I spent the back end of my Thanksgiving holiday watching the Peter Jackson Beatles documentary Get Back. Like so much else that Mister Jackson has done, this is epic and expansive and maybe even at times excessive, but being a Fab Four Fan forever I was immediately drawn to it. This is a behind the scenes look at the behind the scenes documentary Let It Be. That one ran one hour twenty-one minutes. Compare that to the nearly eight hours presented by the Lord of the Rings auteur.
The one made back in 1970 showed the slow disintegration of the world's greatest rock band. It concludes with the iconic rooftop concert, the last time the lads would play together as a band. Bittersweet hardly begins to describe it. Peter Jackson's film winds up with the same show, but the path to that gig is made so very much more clear that deciding to come together (see what I did there?) one last time on top of the Apple Headquarters was healing and inevitable.

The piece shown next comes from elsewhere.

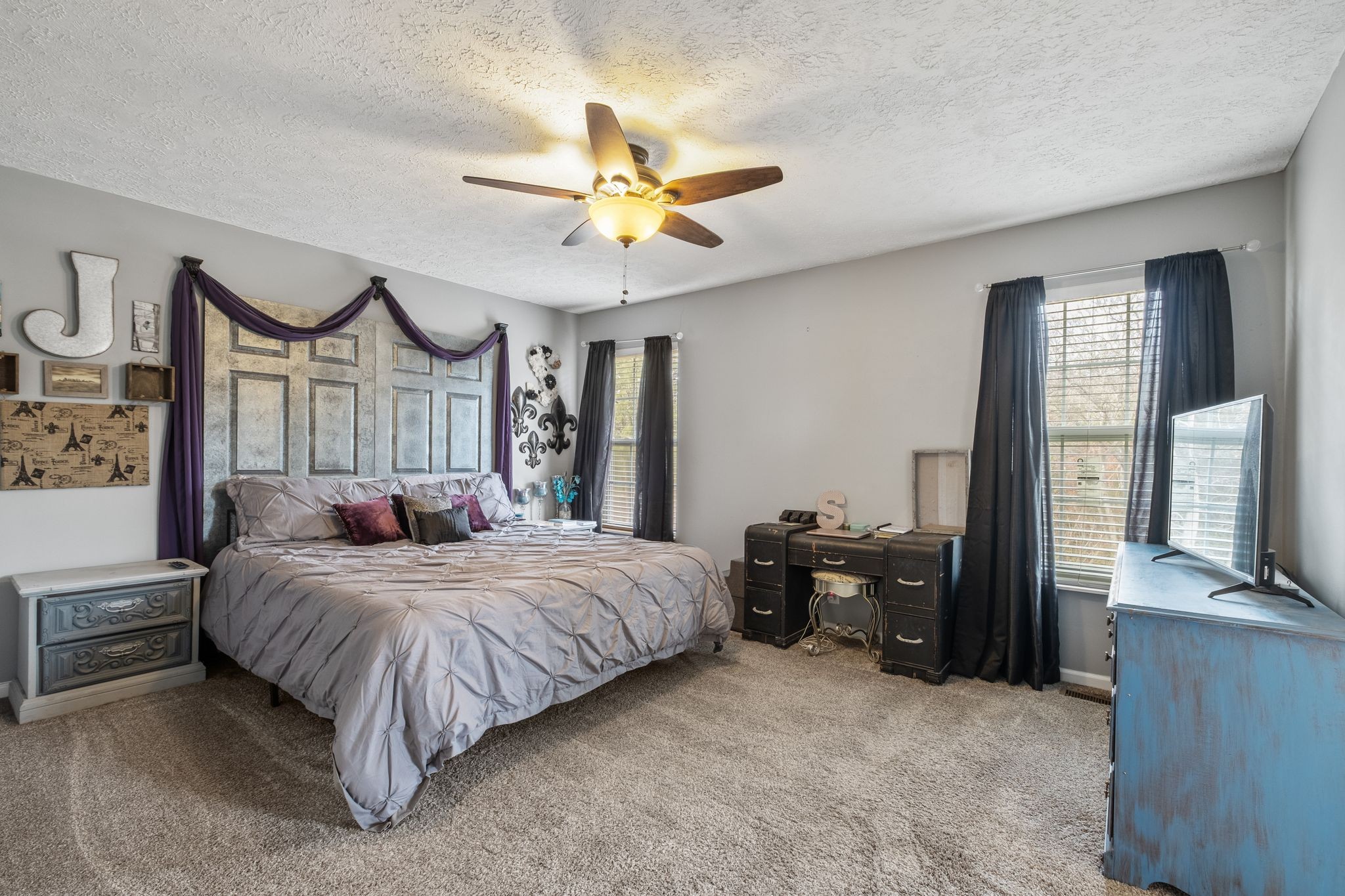 2080 Stanford Village Dr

Spending three weeks with the Beatles as they tried to bring the vision of their next project to fruition gives us a chance to see the love and respect they shared. Not the divisive grumbling that would eventually become canon. George Harrison, history tells us, became a Beatle when he was only thirteen years old after John and Paul who were only a year or so older invited him. Ringo was comparatively old when he joined the band at twenty-two. Still, he got in at the ground floor and took the ride with the other three to the top of the pops. They were elevated beyond what they and the rest of the world had ever seen before.
Expectations were high. This brought tension that could only truly be felt by the boys in the band. It is important to remember that their manager, Brian Epstein had died only a year and a half prior to this, and no one was minding the store. The Beatles were amazing musicians, not businessmen. You can see them struggle with suggestions from the director of the film within the film, Michael Lindsay-Hogg, for an enormous extravaganza set in the ancient amphitheater in Sabratha, an ancient Roman city in Libya.
Somewhere in the midst of all this hoopla, George decides he's rather just quit. Only a couple of meetings with just the lads convinced him to come back and give it one more go. Watching the results of the sessions, not just the ten songs captured that would become their penultimate album, but all the noodling and jamming and silliness that took place in that basement studio brings joy to the session on the roof that closed things down. That was January 1969. Eight months later, The Beatles were finished.
More than fifty years later, they are together again. One last time. And it's an amazing thing to watch fall apart.